Mark Ellis is an excellent—unnervingly excellent—backup second baseman. But it's up to the Cardinals to believe in their plan.

Scott Rovak-USA TODAY Sports

One of the non-PED ways I've learned to deal with ADHD over the last couple of years has been to accept just how terrible my willpower is. We like to believe we're the incorruptible, the diligent, the determined, but I, at least, am not any of those things. If I'm working and I have a chance to read an Agatha Christie novel, or watch an episode of Poirot, or really just put the words "agatha christie poirot" into Google, I will take that chance, because my brain is poorly equipped to deal with a world in which I can immediately read or watch basically anything.

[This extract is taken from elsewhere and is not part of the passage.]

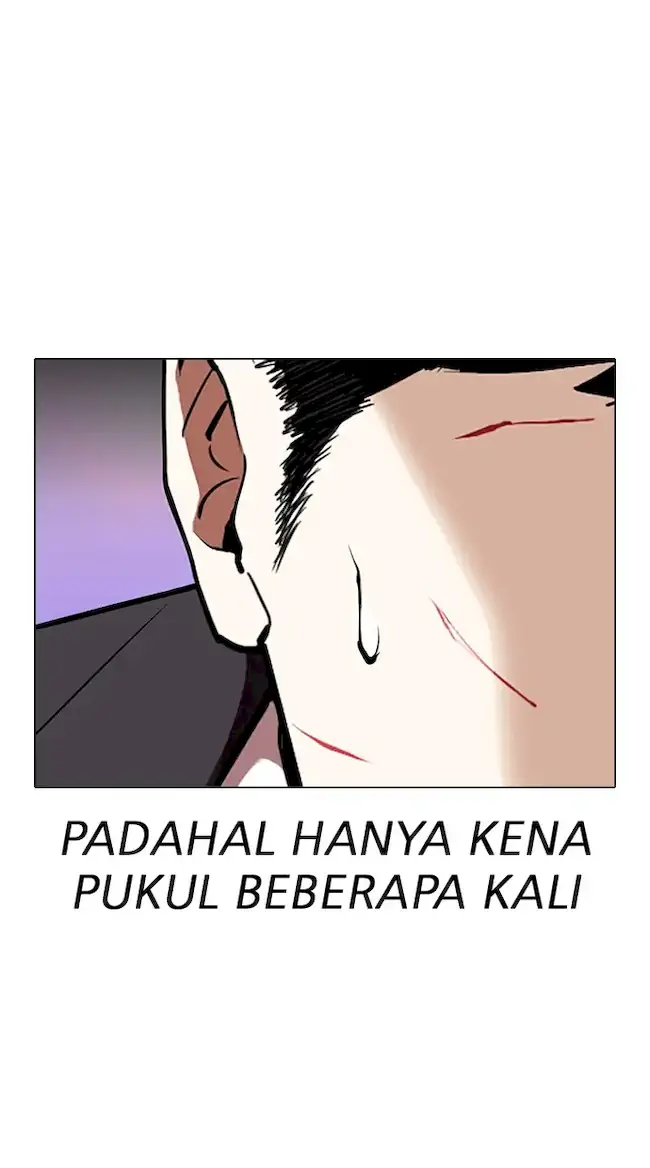 Lookism Chapter 322 - halaman 80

Self-confidence is important, but all those years I spent failing classes it turns out I probably needed less of it.

Mark Ellis is not a top-tier Agatha Christie novel, as potential Kolten Wong distractions go—he's 37, and bats the right way for a natural platoon—and the St. Louis Cardinals do not appear to have any dopamine problems. But he's good enough, and Kolten Wong's major league introduction was bad enough, that Wong falling behind and ending the season on the wrong side of that platoon isn't difficult to imagine.

It happened last year, after all; Wong came up last year at a moment when it looked like David Freese would be benched, and ended up getting benched himself. It's not even indefensible—Wong is only 23 next year, and being Mark Ellis's backup is not even a little bit like being Yadier Molina's backup.

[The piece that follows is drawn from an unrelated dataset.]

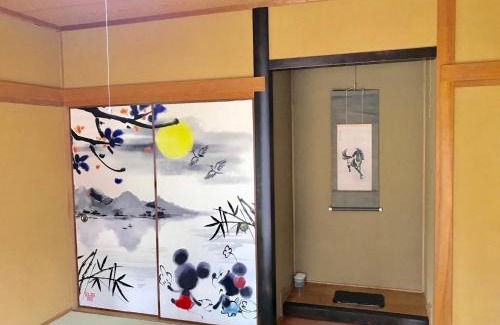 Yufuin Onsen Casa | Yufu - House - Vacation STAY 89885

So I understand the bad Wong scenarios (great '90s alt-rock album title) and I understand, very personally, that keeping yourself away from situations in which your stupid brain can trade long-term contentment for short-term pleasure is an important part of actually achieving long-term contentment.

But if you are, like me, completely spineless, it's also helpful to look at the things you're being distracted from. Distraction doesn't appear unannounced at the moment Netflix adds The Mysterious Affair at Styles to instant streaming, it bubbles up from the things you think you should be doing instead. Sometimes you should be doing the repetitive task your rational side is trying to keep you pointed at; other times the compulsion to do literally anything else is a sign that the task you're avoiding was never important to you at all.

If the Cardinals sabotage Kolten Wong—sabotage him in the way we assumed they were sabotaging Anthony Reyes, I mean, before we watched his arm explode—it won't be because they signed Mark Ellis and they just couldn't help themselves. It'll be because they were never really comfortable with him as a starting second baseman at all.